- Born: January 25, 1942 (age 84) Riverside, Illinois
- Occupations: Antiques expert and television personality
- Spouse: Burton Fendelman

= Helaine Fendelman =

American antiques expert (born 1942)

Helaine Fendelman (born January 25, 1942; Riverside, Illinois) is a generalist antiques, fine arts and collectibles appraiser, author, instructor and co-host of a PBS affiliated television show.

==Early life and education==
Fendelman earned a bachelor's degree of Arts in English from Washington University in St. Louis in 1964 followed by a master's degree of Arts in English from C.W. Post Campus of Long Island University in 1967.

==Antiques career==
Fendelman has more than 30 years of experience in arts and antiques. In 1965, Fendelman and her husband, Burton Fendelman moved to New York City. In 1975, she began her career in the arts as a curator at the American Folk Art Museum.

From 1978 to 1981, Fendelman was a curator at the Rye Historical Society in Rye, New York.

In 1994, Fendelman created Helaine Fendelman & Associates, a Fine Arts, antiques, and appraisal firm, which is located in the Gramercy Park section of New York City. Fendelman is also an instructor at New York University’s Appraisal Institute. She has two sons and lives in New York City and Sanibel, Florida.

Since 1997, Fendelman has co-hosted the PBS television show, “Treasures in your Attic” and co-authored the Scripps Howard Syndicated newspaper column, “Treasures in Your Attic.”

Fendelman served as a board member of the Appraisers Association of America from 1984 to 2008, as vice president from 1994 to 1996 and as president from 1996 to 1998.
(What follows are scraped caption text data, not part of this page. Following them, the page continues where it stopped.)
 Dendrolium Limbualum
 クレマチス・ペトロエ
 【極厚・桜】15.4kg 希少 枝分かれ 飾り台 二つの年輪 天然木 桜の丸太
She has also authored and co-authored several books about appraising including: All About Appraising: The Definitive Appraisal Handbook; Price it Yourself, Treasures In Your Attic; Tramp Art A Folk Art Phenomenon; Silent Companions: Dummy Board Figures of the 17th Through 19th Centuries, and The Official Identification and Price Guides to American Folk Art and Holiday Collectibles.